Ало, видя, что разговор клеится, решил не упускать момента:
— Тогда, может, насчет Хаджар сговоримся?
— Не-ет, это уж она сама… как решит.
— Как так, девушка — и сама?
— Ну да, пусть сама и выберет парня по себе. А то ведь нельзя с, бухты-барахты в невесты рядить такую норовистую — с парнями, видишь, наравне джигитует: не отстает.
— Может, все-таки, загодя пометим ее колечком обручальным, серебряным?
— Похоже, что не выгорит дело.
— Почему ж?
— Опасаюсь, — пробормотал Ханали. — Эта девушка сперва должна сама признать Наби! Не то, чего доброго, она нам житья не даст, в постель гадюк напустит, с нее станется!
— Ты все на шутку сворачиваешь, а дело затягивается!
— Всерьез говорю!
— Тогда чего ты про гадюк плетешь?
— Я-то ее нрав знаю… Говорю, чтоб ты, Ало, знал наперед, что невестушка твоя желанная не из тех, что гостя разувает, ноги ему моет!
— А на кой мне такая — разувать, ноги мыть! — Ало важно приосанился. — Нам нужна справная — славная, благонравная!
— Ну, а если найдет коса на камень, если распря случится, тогда тебе одно остается — беги из Мовлу без оглядки, хоть до самого Цицианского уезда, до села Дорабес!
Поглядывая со стороны на Ало и Ханали, которые то незлобиво препирались, а то, набычившись, спорили1 и не хотели уступать друг другу, Хаджар почувствовала, что неспроста старики по-молодому горячатся, и догадывалась, в чем дело.

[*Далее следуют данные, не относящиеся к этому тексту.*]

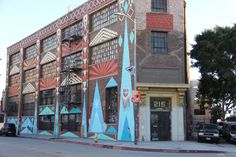 an old building painted with colorful designs on the side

Жили они душа в душу, хлеб поровну, горе пополам, жизнь одна — по горам, по долам! И если за дело какое возьмутся, так уж с толком, основательно. Хаджар во всей округе никого из парней не замечала, только вот Наби огневзорый ей приглянулся, при нем она и язык свой острый в ход не пускала. Глядишь, прядь с лица откинет, платок на голове поправит — и молчит…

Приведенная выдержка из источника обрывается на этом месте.